I’ve seen the best breeding temp for an isopod master culture is low to mid 80s. What is the best way to get said temps? Would I be able to place a heat pad under? Mini space heater? Experiences?


----------



## Pumilo (Sep 4, 2010)

I used to run my bug closet with a couple of small, low wattage (40w), lamps. http://www.dendroboard.com/forum/food-feeding/79208-pumilo-dougs-bugs-my-new-closet.html

A heat lamp, for snakes and lizards, would have been a better choice, but my lamps were already on hand to recycle.
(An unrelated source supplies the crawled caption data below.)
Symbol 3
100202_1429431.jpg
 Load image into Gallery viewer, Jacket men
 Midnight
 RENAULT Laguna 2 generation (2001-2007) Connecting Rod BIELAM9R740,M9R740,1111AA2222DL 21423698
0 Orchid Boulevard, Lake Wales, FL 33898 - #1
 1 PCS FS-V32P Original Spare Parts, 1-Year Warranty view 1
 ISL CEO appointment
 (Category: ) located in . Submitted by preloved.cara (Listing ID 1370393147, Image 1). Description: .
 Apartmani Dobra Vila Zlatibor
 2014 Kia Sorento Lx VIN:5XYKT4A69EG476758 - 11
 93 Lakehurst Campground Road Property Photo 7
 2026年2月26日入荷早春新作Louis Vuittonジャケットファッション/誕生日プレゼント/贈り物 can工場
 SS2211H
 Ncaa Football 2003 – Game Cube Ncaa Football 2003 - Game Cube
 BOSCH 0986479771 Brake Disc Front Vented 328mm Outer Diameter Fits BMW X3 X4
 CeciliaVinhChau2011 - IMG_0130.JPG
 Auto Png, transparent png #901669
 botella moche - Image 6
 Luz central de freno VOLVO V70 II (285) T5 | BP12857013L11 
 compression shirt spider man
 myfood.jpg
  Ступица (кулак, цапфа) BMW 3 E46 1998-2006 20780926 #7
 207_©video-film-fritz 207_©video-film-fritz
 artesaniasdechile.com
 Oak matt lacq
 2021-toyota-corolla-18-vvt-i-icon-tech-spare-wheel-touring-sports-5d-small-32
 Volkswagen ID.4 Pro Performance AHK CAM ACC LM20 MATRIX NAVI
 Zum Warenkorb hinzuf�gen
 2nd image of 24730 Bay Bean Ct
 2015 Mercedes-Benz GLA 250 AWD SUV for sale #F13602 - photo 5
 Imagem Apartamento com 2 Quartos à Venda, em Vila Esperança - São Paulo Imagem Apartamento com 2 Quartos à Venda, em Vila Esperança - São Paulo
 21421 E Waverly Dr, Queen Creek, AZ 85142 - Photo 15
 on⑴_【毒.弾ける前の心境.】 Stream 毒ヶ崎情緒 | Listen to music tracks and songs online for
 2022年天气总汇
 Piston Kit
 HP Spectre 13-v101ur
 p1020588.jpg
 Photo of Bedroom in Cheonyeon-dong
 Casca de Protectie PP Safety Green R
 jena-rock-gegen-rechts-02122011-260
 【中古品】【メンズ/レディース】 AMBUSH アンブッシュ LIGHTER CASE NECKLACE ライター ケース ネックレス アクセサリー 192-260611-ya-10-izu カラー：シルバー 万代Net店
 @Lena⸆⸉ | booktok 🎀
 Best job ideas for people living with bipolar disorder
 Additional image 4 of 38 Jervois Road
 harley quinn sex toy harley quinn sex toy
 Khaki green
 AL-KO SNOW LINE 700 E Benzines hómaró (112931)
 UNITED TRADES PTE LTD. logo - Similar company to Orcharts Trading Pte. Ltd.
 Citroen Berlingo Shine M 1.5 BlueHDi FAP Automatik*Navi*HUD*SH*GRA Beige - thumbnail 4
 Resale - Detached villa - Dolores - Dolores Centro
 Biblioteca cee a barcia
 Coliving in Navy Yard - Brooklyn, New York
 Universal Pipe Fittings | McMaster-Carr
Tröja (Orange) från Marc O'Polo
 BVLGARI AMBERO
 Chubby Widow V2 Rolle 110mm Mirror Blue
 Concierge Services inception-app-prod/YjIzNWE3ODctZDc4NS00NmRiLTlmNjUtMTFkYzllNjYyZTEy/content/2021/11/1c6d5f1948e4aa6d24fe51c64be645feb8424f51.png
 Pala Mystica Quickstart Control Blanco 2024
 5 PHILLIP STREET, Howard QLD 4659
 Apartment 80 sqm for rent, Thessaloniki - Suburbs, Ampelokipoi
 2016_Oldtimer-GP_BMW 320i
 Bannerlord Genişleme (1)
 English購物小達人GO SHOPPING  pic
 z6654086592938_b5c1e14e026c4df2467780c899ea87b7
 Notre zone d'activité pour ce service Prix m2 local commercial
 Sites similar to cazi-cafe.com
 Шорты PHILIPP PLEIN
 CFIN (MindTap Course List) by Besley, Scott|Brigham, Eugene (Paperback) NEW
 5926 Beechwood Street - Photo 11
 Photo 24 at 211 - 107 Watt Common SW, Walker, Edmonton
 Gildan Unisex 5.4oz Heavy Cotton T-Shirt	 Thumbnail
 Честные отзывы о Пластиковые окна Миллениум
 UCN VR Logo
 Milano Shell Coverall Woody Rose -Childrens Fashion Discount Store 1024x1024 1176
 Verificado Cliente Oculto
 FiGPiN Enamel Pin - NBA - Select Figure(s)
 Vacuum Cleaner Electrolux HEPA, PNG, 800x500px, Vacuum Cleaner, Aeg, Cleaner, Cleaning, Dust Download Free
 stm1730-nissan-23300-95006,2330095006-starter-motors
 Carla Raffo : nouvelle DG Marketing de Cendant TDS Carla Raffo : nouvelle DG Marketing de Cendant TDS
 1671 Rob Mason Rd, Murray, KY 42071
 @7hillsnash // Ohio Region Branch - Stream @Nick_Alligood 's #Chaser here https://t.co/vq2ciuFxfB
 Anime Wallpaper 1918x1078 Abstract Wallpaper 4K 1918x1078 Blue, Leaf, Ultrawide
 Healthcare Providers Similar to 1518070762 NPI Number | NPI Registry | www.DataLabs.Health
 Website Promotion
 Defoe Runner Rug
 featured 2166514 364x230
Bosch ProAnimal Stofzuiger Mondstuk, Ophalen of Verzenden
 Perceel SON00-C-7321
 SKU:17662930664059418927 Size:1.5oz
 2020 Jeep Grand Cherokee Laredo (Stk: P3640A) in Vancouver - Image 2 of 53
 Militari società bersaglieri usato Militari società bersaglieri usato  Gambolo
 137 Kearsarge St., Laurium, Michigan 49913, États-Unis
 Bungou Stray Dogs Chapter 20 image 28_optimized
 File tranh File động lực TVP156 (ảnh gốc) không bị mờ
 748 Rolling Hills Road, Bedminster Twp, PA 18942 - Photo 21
A $30 Inkbird electronic temp controller would help stabilize it.


----------



## Louis (Apr 23, 2014)

Low wattage heat pad without a thermostat works fine for me, I just put something under the culture so it's not in direct contact with the heat mat.
It's well worth providing them some additional heat as it really makes a difference to their rate of reproduction in some cases.
In one of my gecko tanks for some reason huge numbers of baby but not adult isopods congregate right under the basking lamp during the hottest part of the day when temps in that spot reach around 32c. I'm confused by it as I can't think why the smallest, and most vulnerable to dessication, would be so attracted to the hottest, dryest part of the tank.


----------